Two coherent beams of wavelength `5000 Å` reaching point would individually produce in intensities 1.44 and 4.00 units . If they reach there together, the intensity is 10.24 units . Calculate the lowest phase difference with which the beams reach that point.

To solve the problem, we will use the formula for the intensity of two coherent beams interfering with each other.

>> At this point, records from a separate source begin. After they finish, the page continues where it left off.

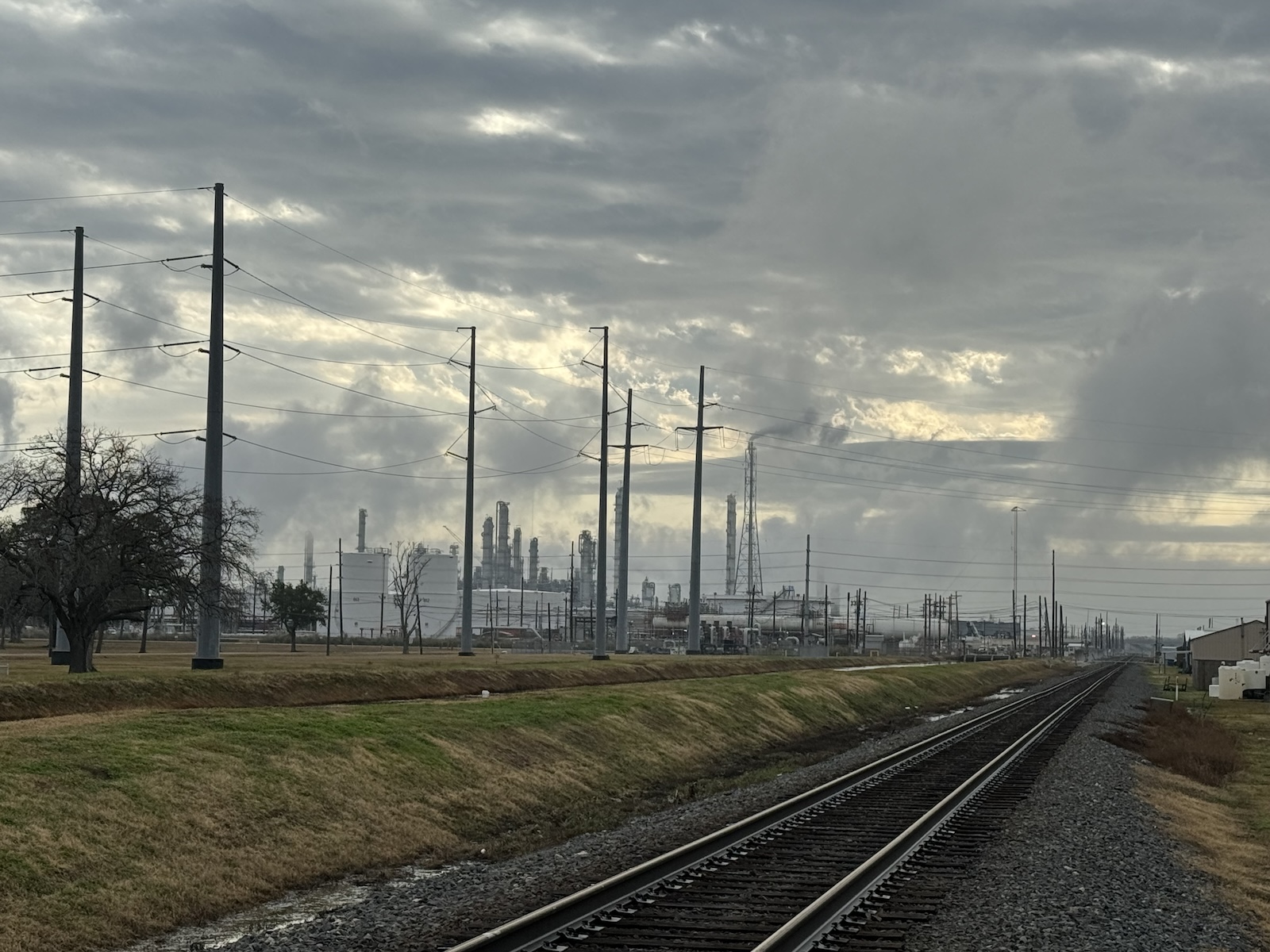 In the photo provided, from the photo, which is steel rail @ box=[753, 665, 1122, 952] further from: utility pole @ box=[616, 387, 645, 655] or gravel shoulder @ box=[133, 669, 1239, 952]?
utility pole @ box=[616, 387, 645, 655]

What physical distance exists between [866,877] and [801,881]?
1.04m

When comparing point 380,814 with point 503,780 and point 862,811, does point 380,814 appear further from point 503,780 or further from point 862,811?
point 862,811

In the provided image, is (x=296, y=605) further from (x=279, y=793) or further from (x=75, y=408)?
(x=279, y=793)

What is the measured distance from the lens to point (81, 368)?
160 ft

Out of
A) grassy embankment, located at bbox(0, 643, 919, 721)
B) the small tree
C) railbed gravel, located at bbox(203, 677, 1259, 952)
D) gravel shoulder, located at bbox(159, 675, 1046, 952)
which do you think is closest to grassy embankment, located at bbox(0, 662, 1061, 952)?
gravel shoulder, located at bbox(159, 675, 1046, 952)

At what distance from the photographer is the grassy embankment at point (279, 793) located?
675 inches

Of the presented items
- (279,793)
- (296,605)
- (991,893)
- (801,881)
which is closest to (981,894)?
(991,893)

The formula is given by: \[ I = I_1 + I_2 + 2\sqrt{I_1 I_2} \cos \phi \] Where: - \( I \) is the resultant intensity when both beams are present. - \( I_1 \) and \( I_2 \) are the intensities of the individual beams. - \( \phi \) is the phase difference between the two beams. ### Step-by-step Solution: 1. **Identify the given values:** - \( I_1 = 1.44 \) units - \( I_2 = 4.00 \) units - \( I = 10.24 \) units 2. **Substitute the known values into the intensity formula:** \[ 10.24 = 1.44 + 4.00 + 2\sqrt{1.44 \times 4.00} \cos \phi \] 3. **Calculate the sum of \( I_1 \) and \( I_2 \):** \[ 1.44 + 4.00 = 5.44 \] 4. **Rearrange the equation:** \[ 10.24 - 5.44 = 2\sqrt{1.44 \times 4.00} \cos \phi \] \[ 4.80 = 2\sqrt{1.44 \times 4.00} \cos \phi \] 5. **Calculate \( \sqrt{1.44 \times 4.00} \):** \[ \sqrt{1.44 \times 4.00} = \sqrt{5.76} = 2.4 \] 6. **Substitute back into the equation:** \[ 4.80 = 2 \times 2.4 \cos \phi \] \[ 4.80 = 4.8 \cos \phi \] 7. **Solve for \( \cos \phi \):** \[ \cos \phi = \frac{4.80}{4.8} = 1 \] 8. **Determine the phase difference \( \phi \):** Since \( \cos \phi = 1 \), the possible values for \( \phi \) are: \[ \phi = 0, 2\pi, 4\pi, \ldots \] The lowest phase difference is: \[ \phi = 0 \] ### Final Answer: The lowest phase difference with which the beams reach that point is \( \phi = 0 \).